Modifier l’article 34-1 du code des postes et des communications électroniques pour autoriser les fournisseurs d’accès à conserver, pendant un délai limité, des données de connexion relative au trafic ;



Modifier l’article 9 de la loi n° 78-17 pour autoriser les fournisseurs d’accès à internet à constituer un fichier et à conserver des données nominatives ;

Certains arguments peuvent militer dans le sens d’une évolution de ces deux textes. 

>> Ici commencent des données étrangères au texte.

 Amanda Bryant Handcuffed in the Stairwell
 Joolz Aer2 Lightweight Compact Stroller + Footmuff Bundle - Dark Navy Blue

En premier lieu, l’envoi de messages purement informatif par les sociétés d’auteur, les fournisseurs d’accès servant alors de prestataires, aurait un rôle de prévention qui est expressément couvert par la directive 95/46/CE du 24 octobre 1995 relative à la protection des personnes physiques à l'égard du traitement des données à caractère personnel et à la libre circulation de ces données, qui prévoit comme exception la prévention d’infractions pénales ; la loi française, qui doit être lue au regard de cette directive qu’elle transcrit, ne paraît ainsi pas pouvoir être interprétée comme excluant cette finalité ;



En second lieu, le Conseil constitutionnel, dans sa décision n° 2004-499 du 29 juillet 2004, a considéré que la lutte contre les pratiques de contrefaçon qui se développent sur le réseau internet, qui passe par la sauvegarde de la propriété intellectuelle et de la création culturelle, constituait un motif d’intérêt général ;

Pour autant, force est de constater que l’ouverture des possibilités offertes par l’article 9 de la loi n° 78-17 a été acceptée avec réserve par le Conseil constitutionnel en 2004 – qui a par ailleurs annulé, pour manque de précision, la rédaction envisagée du 4° de l’article 9 de la loi du 6 janvier 1978 ouvrant la possibilité aux ayants droit de la création culturelle de mutualiser la lutte contre le piratage des oeuvres en constituant des fichiers de « données de connexion » – et que l’article 34-1 du code des postes et des communications électroniques pose comme principe fondamental l’effacement des données de connexion, la possibilité de leur conservation devant demeurer exceptionnelle. Des modifications parallèles de ces deux textes au profit de personnes privées paraissent ainsi à la mission délicate. Il ne lui semble pas qu’elles puissent être suffisamment encadrées et proportionnées pour qu’elles soient considérées comme étant de nature à assurer, entre les respect de la vie privée et les autres droits et libertés, notamment le droit de propriété, un juste équilibre. En revanche, comme il est dit dans le rapport, la seule modification de l’article 34-1 au profit d’une autorité publique lui paraît possible, au regard des garanties d’impartialité d’une telle autorité est même de présenter.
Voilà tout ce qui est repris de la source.